Figure 1: Part of Crate’s investigation involved documenting life histories of individuals who had a certain specialty that privileged them a deeper understanding of how climate change was coming into and affecting their extreme environment. One of those life histories focuses on sylgyhyt (horse breeder) Valerian Yegorovich Afanaseyev, seen here with one of his two riding horses. Valerian’s mantra, ‘Snow is horses’ home’ exemplifies how Sakha horses need a specific climate regime that will deliver the right amount of snow and temperature conditions that allow them to ‘graze’ for fodder under the snow throughout the winter. “They are to work and dig. They need 30-40 cm of snow so they don’t freeze. If it is less than that, they can’t work and so they start going from place to place and they get thin. In short, Khaar sylgy jiete (Snow is horses’ home).” Climate change has disrupted that consistent cycle and horses can no longer prosper. Picture: Valerian Yegorovich Afanaseyev with one of his two riding horses May 21, 2019. Photo by author.

Figure 2: “Since 2005 when inhabitants first began talking about how the winters were not as cold, summers not as hot, rain was ‘wrong’, and other aspects I knew were related to climate change, I sought out a natural scientist to collaborate with to bring an understanding of the physical changes into my work.

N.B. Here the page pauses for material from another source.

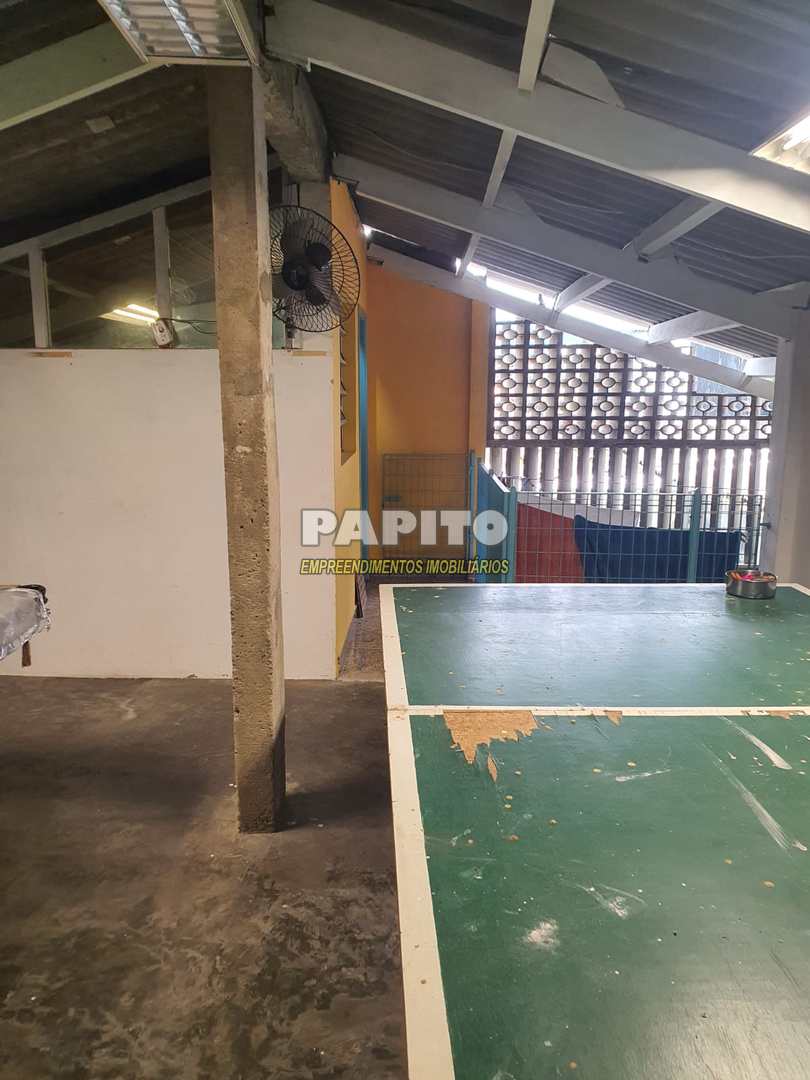 Casa à venda com 3 quartos, 260m² - Foto 29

Since that time I have worked with Alexander Fedorov, permafrost scientist at the Melnikov permafrost Institute, Yakutsk. We conducted ‘knowledge exchanges’ in 2010, working in eight communities in the Viliui regions, to solicit local testimonies of change in the environment and appropriate Alexander’s scientific information for community use. We continue to work to this day, proposing other such knowledge exchange activities in other regions and finding ways to educate inhabitants about how the permafrost is thawing and the effects this has and will have on their lives.” Picture: Crate with Alexander (Sasha), during a work session. Notice the permafrost map gracing the wall. Summer 2018. Photo by Kathryn Tuyaara Yegorov-Crate.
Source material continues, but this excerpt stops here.